Une croissance «encore fragile»
En augmentant ses taux, la BCE veut empêcher l’inflation provoquée par l’envolée des cours du pétrole de se propager au reste de l’économie.
Jusqu’à présent, l’économie des pays de l’eurozone s’est montrée plutôt résiliente malgré un contexte chahuté, donnant à la banque centrale davantage de latitude pour opérer un resserrement monétaire.
«Les produits raffinés, notamment le diesel, le gaz, les produits énergétiques influencés par les prix du brut: c’est un vrai problème» dans une Europe encore en quête d’indépendance énergétique, souligne M. Ducrozet.
«La BCE a peur qu’il y ait des effets d’entraînement, que l’inflation s’installe en Europe de manière plus domestique, par des négociations salariales» notamment, ajoute-t-il.
Mais un renchérissement du coût de l’argent demeure «un choc négatif pour l’économie, alors qu’en France comme Europe, la croissance est encore fragile».
Effet amplificateur
Le relèvement de taux attendu jeudi en augure-t-il d’autres?
«Poursuivre un resserrement monétaire de manière préventive (...) comporte des risques croissants pour l’économie de la zone euro», souligne Christophe Boucher, directeur des investissements chez ABN AMRO Investment Solutions, dans une note.
Or, les marchés anticipent en majorité une ou deux hausses supplémentaires d’ici un an, après celle attendue jeudi, ce qui peut avoir un effet amplificateur pour l’économie.
«Si vous anticipez que (les taux) montent encore, et si les taux longs de la dette française et de toutes les dettes européennes montent encore plus, cela durcit davantage les conditions financières et d’emprunt que ce que les deux hausses de la BCE (en juin et peut-être en septembre) seules auraient fait», remarque M. Ducrozet.
Des Etats fragilisés
De quoi fragiliser davantage les Etats parmi les plus endettés de la zone monétaire unique, dont la France même si la BCE n’influence pas directement leurs conditions d’emprunt à long terme.
Comme les Etats-Unis et le Japon, ils subissent déjà une hausse de leurs taux de référence, sous l’effet des pressions inflationnistes, d’inquiétudes sur les trajectoires budgétaires et d’importants besoins en financement, en concurrence avec les méga-investissements des géants de la tech.

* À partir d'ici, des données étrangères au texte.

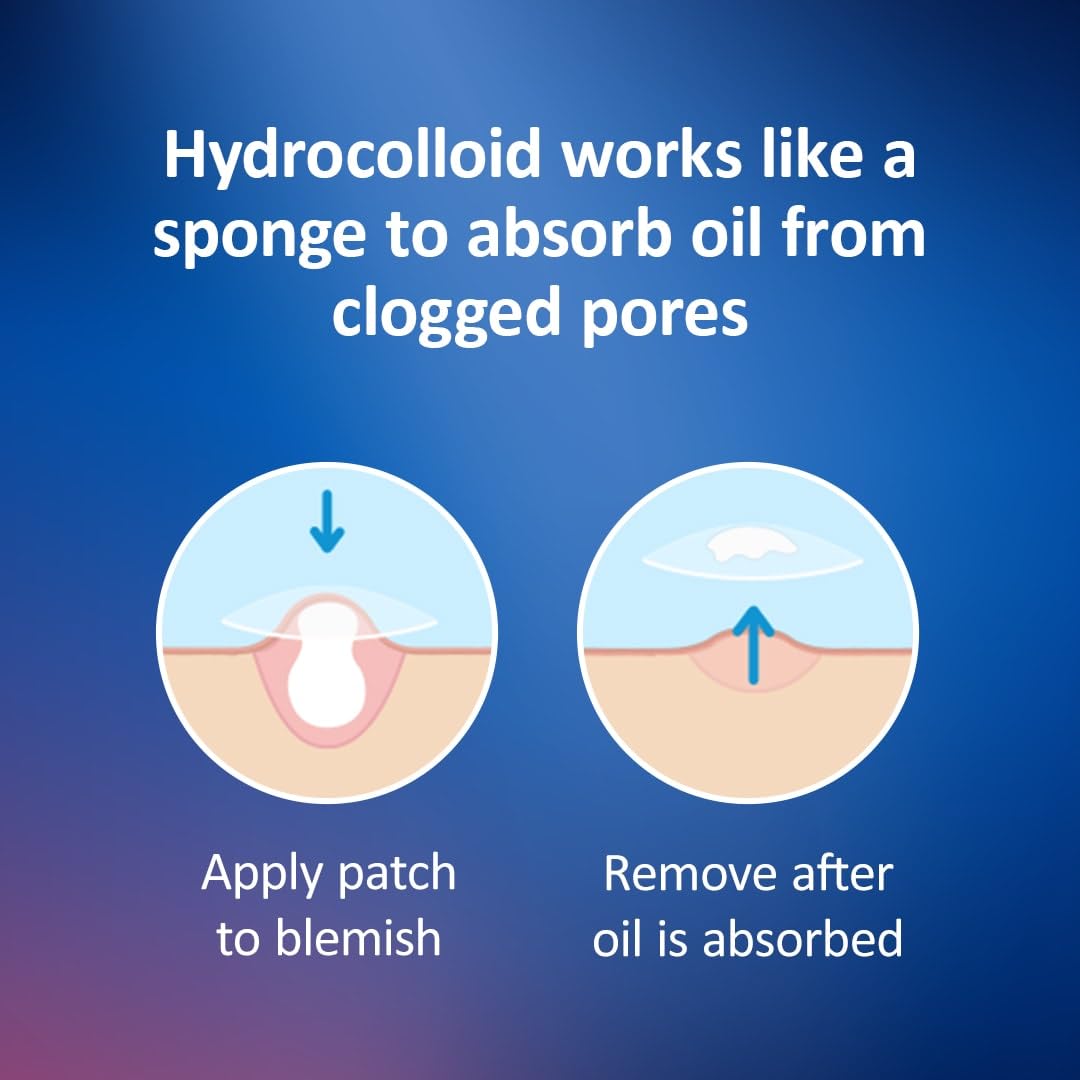 Nexcare hydrocolloid pimple patches in assorted sizes for targeted blemish care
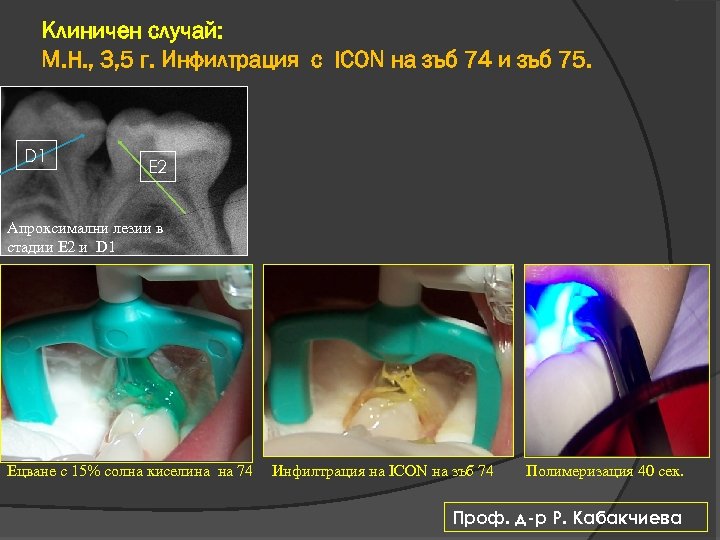 Клиничен случай: М. H. , 3, 5 г. Инфилтрация с ICON на зъб 74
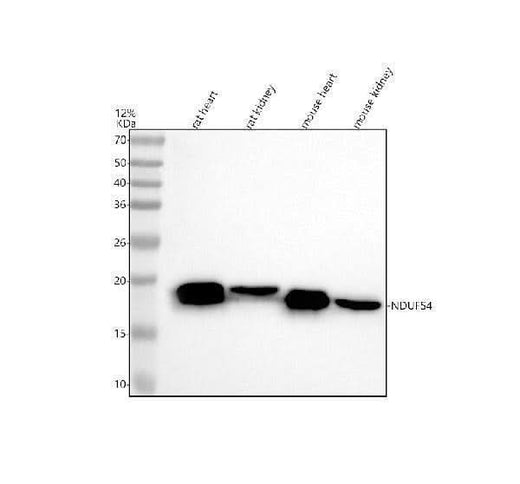 Anti-NDUFS4 Rabbit Monoclonal Antibody Boster Bio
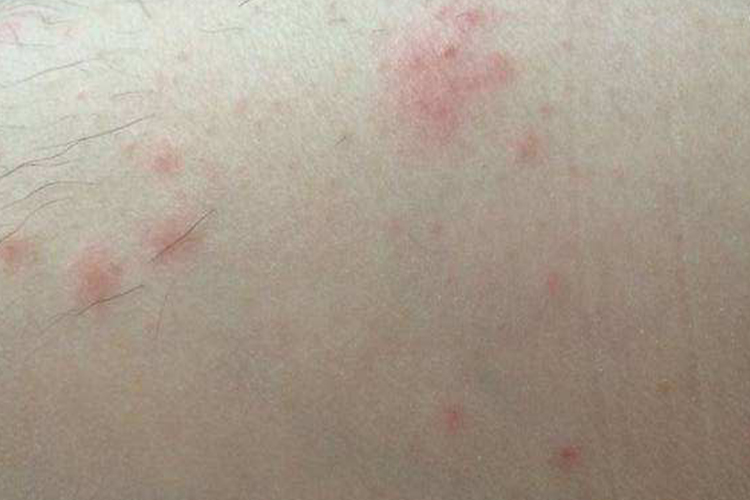 普通小蜘蛛咬伤图 普通小蜘蛛咬伤图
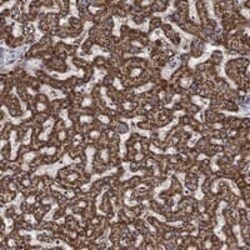 ALDH4A1 Antibody, Novus Biologicals 100 &mu;L; Unconjugated:Antibodies,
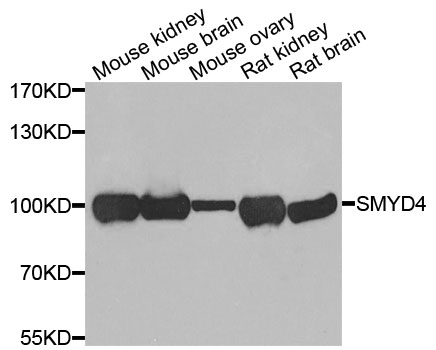 SMYD4 Antibody - Western blot analysis of extracts of various cells.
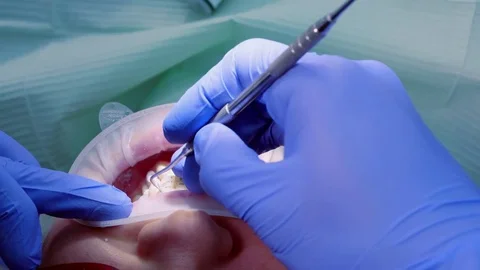 The doctor puts the thread to stop the bleeding between the tooth and gum of the Stock Footage 72462782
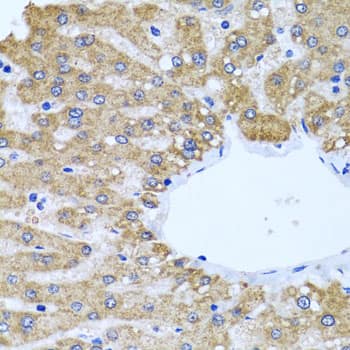 Immunohistochemistry: CCM2 Antibody [NBP3-38282] - Immunohistochemistry analysis of paraffin-embedded Human liver using CCM2 Rabbit pAb at dilution of 1:100 (40x lens). Microwave antigen retrieval performed with 0.01M PBS Buffer (pH 7.2) prior to IHC staining.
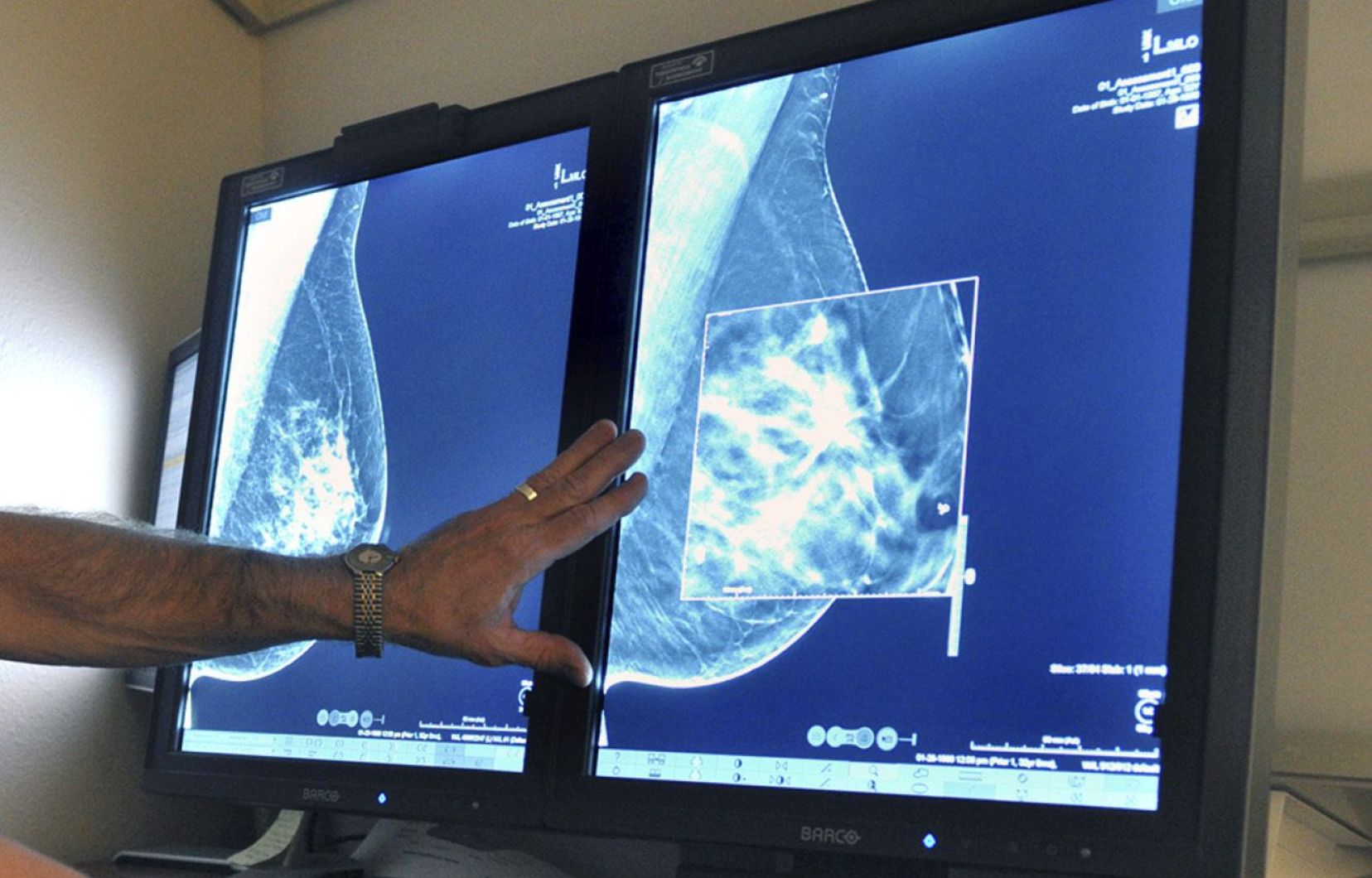 Toward a new home test to find out the risk of breast cancer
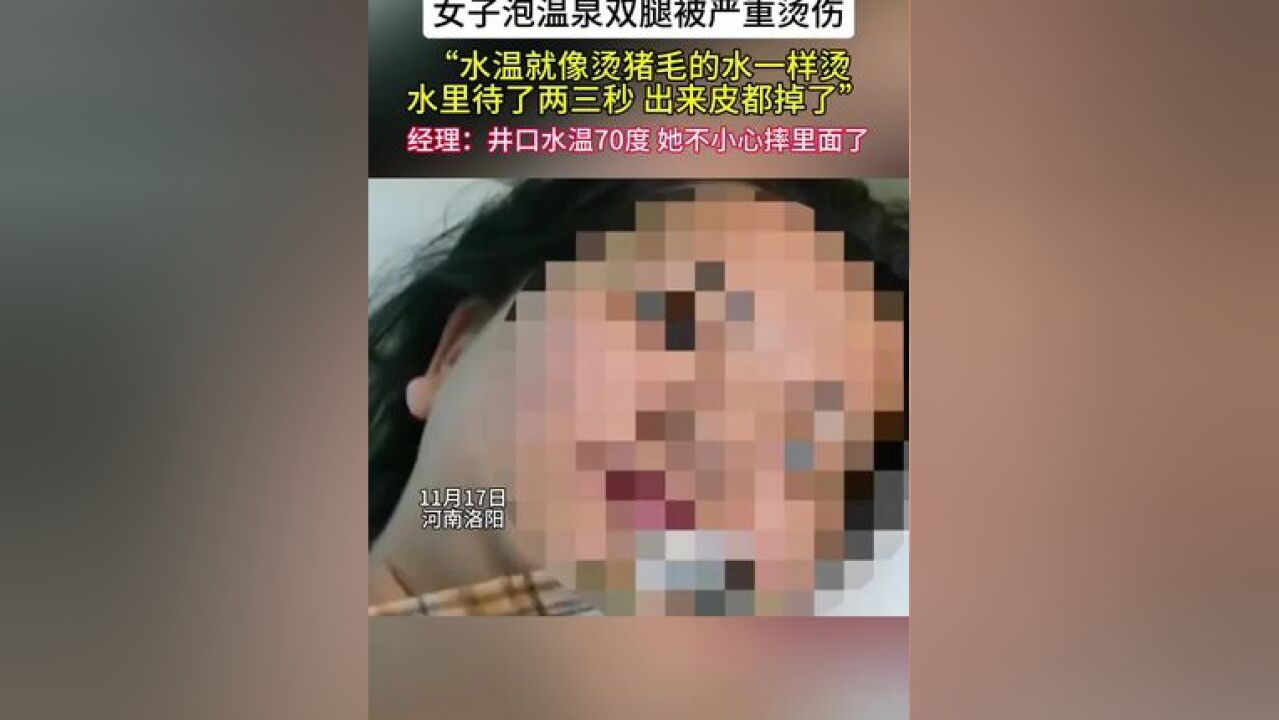 女子泡温泉双腿被严重烫伤 经理:井口水温70度 她不小心摔里面了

Les obligations d’Etat françaises à 10 ans promettent autour de 4,20% de rendement aux investisseurs, augmentant la charge d’intérêt du pays et réduisant ses marges de manoeuvre budgétaires, à quelques mois de l’élection présidentielle de 2027.
Epargnants et banques gagnants
En revanche, les épargnants tireraient leur épingle du jeu. Une hausse des taux de la BCE profite aux placements comme les nouveaux comptes à terme ou les fonds en euros, principalement composés d’obligations dont le rendement augmente.
Ce serait vrai aussi pour les assureurs qui ont de l’argent à placer.
Quant aux banques commerciales, elles pourraient voir leur marge nette d’intérêt s’améliorer, les taux des nouveaux crédits accordés à leurs clients augmentant plus rapidement que la rémunération des dépôts.
Les liquidités qu’elles placent auprès de la BCE seraient aussi mieux rémunérées.